Use the entries below and reproduce exactly the lines from the one containing "Madame Lycra onlyfans sex leak" down to the one containing "Peugeot 301 1.6 Euro 6 katalizör eksoz", both of them included.

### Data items
..........

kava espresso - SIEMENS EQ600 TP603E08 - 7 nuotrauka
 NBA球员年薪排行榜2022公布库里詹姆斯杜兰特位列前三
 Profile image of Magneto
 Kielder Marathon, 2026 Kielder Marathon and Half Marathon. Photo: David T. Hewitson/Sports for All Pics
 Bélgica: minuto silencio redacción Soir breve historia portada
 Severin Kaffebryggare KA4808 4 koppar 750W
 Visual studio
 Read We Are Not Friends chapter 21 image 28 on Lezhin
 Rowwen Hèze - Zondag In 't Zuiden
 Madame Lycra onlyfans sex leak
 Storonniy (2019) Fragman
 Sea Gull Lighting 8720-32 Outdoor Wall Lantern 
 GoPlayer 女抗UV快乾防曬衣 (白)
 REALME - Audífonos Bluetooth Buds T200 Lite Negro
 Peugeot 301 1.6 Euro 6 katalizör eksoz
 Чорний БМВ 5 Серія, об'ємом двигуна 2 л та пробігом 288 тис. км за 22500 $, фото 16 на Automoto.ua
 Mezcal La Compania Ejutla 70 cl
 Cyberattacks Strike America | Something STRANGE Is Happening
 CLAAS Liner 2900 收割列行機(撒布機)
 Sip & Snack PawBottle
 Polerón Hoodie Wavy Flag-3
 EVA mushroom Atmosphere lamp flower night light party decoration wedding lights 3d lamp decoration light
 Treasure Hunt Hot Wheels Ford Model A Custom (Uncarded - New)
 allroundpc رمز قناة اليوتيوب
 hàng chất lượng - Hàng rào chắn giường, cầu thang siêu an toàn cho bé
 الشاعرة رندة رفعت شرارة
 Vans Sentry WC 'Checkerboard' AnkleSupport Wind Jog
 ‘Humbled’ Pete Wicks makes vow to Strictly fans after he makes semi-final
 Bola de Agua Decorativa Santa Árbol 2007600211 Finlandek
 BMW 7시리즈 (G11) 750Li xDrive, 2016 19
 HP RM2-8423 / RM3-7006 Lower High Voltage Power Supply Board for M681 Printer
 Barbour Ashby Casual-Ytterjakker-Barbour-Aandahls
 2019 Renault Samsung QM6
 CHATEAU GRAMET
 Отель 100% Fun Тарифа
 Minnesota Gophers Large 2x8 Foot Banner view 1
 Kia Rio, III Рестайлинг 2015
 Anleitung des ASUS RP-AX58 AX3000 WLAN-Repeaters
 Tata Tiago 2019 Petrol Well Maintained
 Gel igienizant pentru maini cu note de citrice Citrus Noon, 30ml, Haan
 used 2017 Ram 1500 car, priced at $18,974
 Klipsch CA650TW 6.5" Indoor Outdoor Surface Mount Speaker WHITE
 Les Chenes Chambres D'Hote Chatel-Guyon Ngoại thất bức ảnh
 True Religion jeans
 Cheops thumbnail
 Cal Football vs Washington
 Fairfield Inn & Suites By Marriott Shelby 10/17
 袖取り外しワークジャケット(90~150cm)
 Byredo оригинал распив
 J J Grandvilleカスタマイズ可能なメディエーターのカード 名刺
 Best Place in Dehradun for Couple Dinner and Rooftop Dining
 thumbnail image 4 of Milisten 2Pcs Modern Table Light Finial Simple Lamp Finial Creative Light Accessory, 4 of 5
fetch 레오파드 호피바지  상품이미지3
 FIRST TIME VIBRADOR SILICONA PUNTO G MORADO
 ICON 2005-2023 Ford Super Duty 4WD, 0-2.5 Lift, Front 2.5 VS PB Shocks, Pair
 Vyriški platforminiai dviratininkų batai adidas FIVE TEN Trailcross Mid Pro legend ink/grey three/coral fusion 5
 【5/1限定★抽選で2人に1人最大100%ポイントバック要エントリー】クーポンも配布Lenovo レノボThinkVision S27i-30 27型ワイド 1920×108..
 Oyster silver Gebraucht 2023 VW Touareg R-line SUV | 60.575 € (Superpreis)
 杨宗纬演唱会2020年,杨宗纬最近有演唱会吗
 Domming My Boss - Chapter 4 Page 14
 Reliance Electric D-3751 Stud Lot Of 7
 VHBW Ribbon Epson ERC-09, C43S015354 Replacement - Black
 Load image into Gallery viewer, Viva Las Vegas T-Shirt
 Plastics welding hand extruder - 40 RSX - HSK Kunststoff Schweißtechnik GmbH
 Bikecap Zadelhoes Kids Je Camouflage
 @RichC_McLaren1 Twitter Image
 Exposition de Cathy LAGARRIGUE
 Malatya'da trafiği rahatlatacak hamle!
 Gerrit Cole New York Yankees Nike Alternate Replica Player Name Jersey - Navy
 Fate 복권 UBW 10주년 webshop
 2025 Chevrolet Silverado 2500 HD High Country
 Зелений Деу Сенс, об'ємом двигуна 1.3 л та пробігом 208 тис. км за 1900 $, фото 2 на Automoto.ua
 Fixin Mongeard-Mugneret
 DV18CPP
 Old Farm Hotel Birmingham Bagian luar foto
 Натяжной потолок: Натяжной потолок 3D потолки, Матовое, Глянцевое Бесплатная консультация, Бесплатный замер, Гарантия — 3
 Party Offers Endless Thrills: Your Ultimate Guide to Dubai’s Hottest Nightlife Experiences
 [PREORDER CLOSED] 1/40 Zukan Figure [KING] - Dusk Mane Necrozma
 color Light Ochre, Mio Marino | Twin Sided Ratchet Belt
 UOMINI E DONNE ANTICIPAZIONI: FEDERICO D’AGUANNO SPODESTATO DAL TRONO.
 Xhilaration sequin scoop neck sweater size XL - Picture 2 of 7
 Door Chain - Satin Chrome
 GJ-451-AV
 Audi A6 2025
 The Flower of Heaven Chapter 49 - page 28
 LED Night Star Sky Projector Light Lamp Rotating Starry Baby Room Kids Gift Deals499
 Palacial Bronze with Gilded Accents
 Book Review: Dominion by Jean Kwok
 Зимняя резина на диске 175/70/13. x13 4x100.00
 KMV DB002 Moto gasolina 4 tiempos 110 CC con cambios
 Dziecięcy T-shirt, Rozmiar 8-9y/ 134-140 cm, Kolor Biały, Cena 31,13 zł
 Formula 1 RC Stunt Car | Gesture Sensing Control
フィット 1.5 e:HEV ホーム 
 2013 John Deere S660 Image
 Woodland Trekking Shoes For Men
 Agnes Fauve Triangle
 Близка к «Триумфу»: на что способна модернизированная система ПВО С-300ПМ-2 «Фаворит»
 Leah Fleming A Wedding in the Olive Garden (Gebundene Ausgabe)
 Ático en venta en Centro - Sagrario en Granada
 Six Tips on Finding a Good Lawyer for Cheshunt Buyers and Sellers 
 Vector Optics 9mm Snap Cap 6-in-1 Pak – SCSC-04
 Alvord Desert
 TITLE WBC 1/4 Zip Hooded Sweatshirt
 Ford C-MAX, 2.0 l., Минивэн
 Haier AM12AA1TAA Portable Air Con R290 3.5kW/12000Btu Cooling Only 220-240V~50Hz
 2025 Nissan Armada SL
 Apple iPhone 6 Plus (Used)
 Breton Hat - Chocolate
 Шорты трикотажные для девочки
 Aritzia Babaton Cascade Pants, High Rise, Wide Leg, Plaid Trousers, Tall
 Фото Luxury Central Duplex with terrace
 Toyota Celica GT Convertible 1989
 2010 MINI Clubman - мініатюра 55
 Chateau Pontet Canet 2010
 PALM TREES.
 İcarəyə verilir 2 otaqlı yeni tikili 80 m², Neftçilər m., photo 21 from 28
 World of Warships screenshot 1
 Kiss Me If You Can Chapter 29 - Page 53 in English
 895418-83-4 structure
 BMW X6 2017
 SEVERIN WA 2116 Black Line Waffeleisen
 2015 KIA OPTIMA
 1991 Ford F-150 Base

..........

### WRITTEN RESPONSE
 Madame Lycra onlyfans sex leak
 Storonniy (2019) Fragman
 Sea Gull Lighting 8720-32 Outdoor Wall Lantern 
 GoPlayer 女抗UV快乾防曬衣 (白)
 REALME - Audífonos Bluetooth Buds T200 Lite Negro
 Peugeot 301 1.6 Euro 6 katalizör eksoz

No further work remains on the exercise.